Work to be completed: Identify each line below containing the string "Black" and copy it.

------ Data provided ------

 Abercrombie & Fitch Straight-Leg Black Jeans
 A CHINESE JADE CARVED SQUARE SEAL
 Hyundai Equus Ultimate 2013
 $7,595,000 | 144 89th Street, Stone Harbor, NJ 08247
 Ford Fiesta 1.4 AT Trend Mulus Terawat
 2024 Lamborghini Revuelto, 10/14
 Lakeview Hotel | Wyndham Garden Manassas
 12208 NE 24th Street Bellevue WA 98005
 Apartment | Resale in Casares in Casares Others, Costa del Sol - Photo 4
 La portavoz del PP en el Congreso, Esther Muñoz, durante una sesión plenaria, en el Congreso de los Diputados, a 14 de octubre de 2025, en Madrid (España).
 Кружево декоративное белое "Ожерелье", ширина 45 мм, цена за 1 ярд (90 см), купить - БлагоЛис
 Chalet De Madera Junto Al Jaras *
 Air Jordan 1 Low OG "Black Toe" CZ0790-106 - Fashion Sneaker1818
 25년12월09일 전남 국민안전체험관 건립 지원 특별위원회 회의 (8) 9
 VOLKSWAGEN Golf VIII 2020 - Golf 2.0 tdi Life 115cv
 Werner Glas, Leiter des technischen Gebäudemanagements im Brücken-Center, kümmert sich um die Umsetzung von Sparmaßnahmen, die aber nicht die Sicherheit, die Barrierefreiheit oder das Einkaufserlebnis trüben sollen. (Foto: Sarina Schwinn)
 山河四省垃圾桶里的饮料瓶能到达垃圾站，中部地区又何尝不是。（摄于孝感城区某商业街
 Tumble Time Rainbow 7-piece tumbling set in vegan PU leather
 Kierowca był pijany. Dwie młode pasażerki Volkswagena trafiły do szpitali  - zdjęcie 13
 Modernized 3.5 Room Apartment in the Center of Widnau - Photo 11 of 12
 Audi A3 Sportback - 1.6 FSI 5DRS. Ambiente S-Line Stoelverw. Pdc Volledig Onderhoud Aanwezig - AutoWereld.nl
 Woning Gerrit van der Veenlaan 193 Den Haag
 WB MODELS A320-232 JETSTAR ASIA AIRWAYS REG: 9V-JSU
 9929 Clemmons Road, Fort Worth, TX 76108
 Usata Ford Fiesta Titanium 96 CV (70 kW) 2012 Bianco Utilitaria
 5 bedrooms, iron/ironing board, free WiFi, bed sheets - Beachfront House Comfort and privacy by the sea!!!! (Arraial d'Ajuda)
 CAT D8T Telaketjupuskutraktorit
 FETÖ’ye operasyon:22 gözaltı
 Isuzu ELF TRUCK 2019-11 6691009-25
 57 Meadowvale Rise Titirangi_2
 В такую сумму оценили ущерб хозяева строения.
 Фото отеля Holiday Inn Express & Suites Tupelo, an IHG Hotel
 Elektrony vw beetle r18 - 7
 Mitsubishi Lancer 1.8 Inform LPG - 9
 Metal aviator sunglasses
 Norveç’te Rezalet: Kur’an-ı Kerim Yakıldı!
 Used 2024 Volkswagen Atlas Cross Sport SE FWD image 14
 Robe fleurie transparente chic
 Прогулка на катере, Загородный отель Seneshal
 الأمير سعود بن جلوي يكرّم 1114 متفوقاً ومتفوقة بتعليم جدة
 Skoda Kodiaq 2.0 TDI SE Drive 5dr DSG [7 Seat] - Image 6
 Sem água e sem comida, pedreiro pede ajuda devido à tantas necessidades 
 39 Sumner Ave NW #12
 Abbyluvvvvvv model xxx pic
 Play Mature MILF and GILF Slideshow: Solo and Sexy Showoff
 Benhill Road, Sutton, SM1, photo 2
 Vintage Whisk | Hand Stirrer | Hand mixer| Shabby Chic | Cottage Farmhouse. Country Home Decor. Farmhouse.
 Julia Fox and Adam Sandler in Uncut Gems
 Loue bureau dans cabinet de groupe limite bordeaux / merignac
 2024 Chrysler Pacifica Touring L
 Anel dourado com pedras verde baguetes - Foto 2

------

Answer below:
 Abercrombie & Fitch Straight-Leg Black Jeans
 Air Jordan 1 Low OG "Black Toe" CZ0790-106 - Fashion Sneaker1818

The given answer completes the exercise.